Dalam bulan keenam yang dimaksud adalah enam bulan setelah Malaikat Gabriel menampakkan diri kepada Zakharia di Yerusalem. Malaikat itu pergi ke Nazareth, Galilea. Orang-orang Yudea memandang rendah orang Yahudi di daerah Galilea dan mengklaim bahwa mereka bukanlah orang baik karena pergaulan mereka dengan orang-orang di luar Yahudi. Galilea adalah sebuah daerah yang diremehkan orang (Yoh. 7:52; 1: 46). Peristiwa Natal terjadi di kota yang diremehkan tersebut. Namun menjadi terkenal karena peristiwa natal. Bukan kota yang mengharumkan penduduknya tapi orang yang tinggal di dalam kota yang mengharumkan kota. Bukan Nazareth atau Bethlehem yang membesarkan Yesus namun Yesuslah yang membuat Bethlehem dan Nazareth terkenal hingga saat ini. Malaikat itu menemui Maria, seorang anak gadis.

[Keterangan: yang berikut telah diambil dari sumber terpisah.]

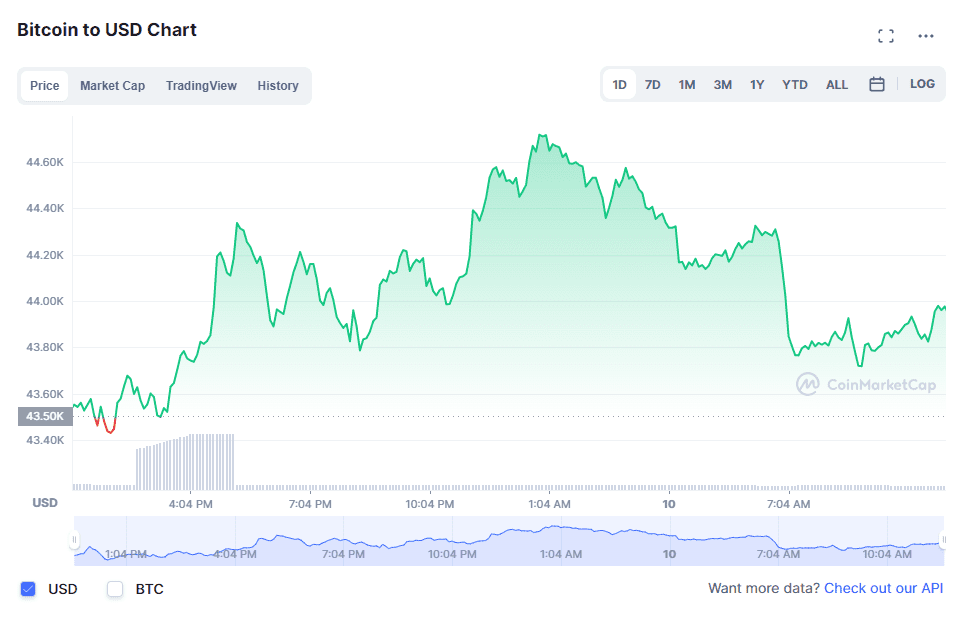 Bitcoin (BTC) price chart Feb 10. Source: CoinMaketCap.com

Maria seorang perempuan saleh, hidup berkenan kepada Allah, yang tinggal di kota itu. Dalam bacaan ini tidak ada indikasi bahwa karena kesalehan Maria membuat Malaikat menampakkan diri kepadanya, tetapi karena Tuhan yang mau memakai Maria. Pada waktu itu Maria sedang bertunangan dengan Yusuf. Kata bertunangan ditulis dengan emneesteumeneen dari akar kata mneesteuoo artinya Maria diminta untuk menikah dengan Yusuf.
Sebagaimana hal yang terjadi di banyak kebudayaan baik di masa lalu maupun masa kini, para orang tua Ibrani mengatur pernikahan anak laki dan perempuan mereka. Orang Yahudi di Palestina abad pertama memandang pernikahan sebagai penyatuan dua keluarga.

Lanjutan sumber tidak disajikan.